Scott Lewis, a Pinebrook resident, recently posted a comment about a neighbor’s idling truck on Nextdoor.com. Mr. Lewis has made his concerns about his neighbor known to the PHOA Board on several occasions. We understand that he objects to the fact that his neighbor warms up his diesel truck vehicle and lets it idle before driving it. This is a licensed vehicle that his neighbor operates on his own property, though the noise and fumes certainly carry beyond the property boundary at times.
This is a local dispute between neighbors, and the Board has addressed it in the same manner that it has with numerous other neighbor-vs-neighbor complaints over the years. These complaints have included dog barking and other noise issues, boundary disputes, lights that shine off the property and numerous other matters. Here, as in those matters, the PHOA Board’s consistent advice to Mr. Lewis has been that he should address the issue directly with his neighbor and resolve it on that level. The fact that PHOA has declined to spend tens of thousands of dollars to hire a lawyer to pursue it on his behalf does not make the PHOA negligent, let alone criminally so.
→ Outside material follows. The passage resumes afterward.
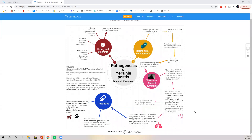Hey, my name is Mahesh Matpaka, and today I'm going to be doing my presentation on pathogenesis of Yersinia pestis, also known as the plague agent.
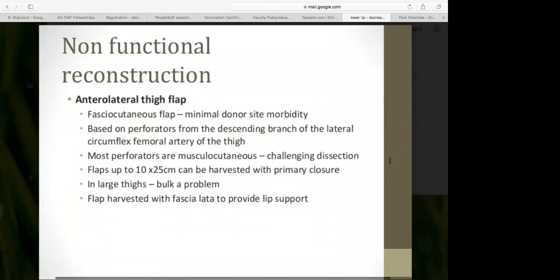The anterolateral thigh flap is another fasciocutaneous flap, now moving into free flap territory, with minimal donor site morbidity. It is based on perforators from the descending branch of the lateral circumflex femoral artery, most of which are musculocutaneous — passing through the vastus lateralis — making dissection quite challenging. Flaps up to 10 by 25 centimeters can be harvested with primary closure, though in patients with large thighs, bulk can be problematic and may require later debulking.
Mr. Lewis is not without a remedy, however. He has access to all of the law and code enforcement agencies of Summit County if he feels that criminal, building code, or health code violations have occurred. The PHOA has also reminded Mr. Lewis that our CC&Rs explicitly grant each of our members the right to directly enforce them. In particular, Mr. Lewis has every right to enforce the CC&Rs in the courts if he believes his neighbor’s conduct is sufficiently noxious toward him that it amounts to a prohibited nuisance. To date, at least, he has elected not to do so.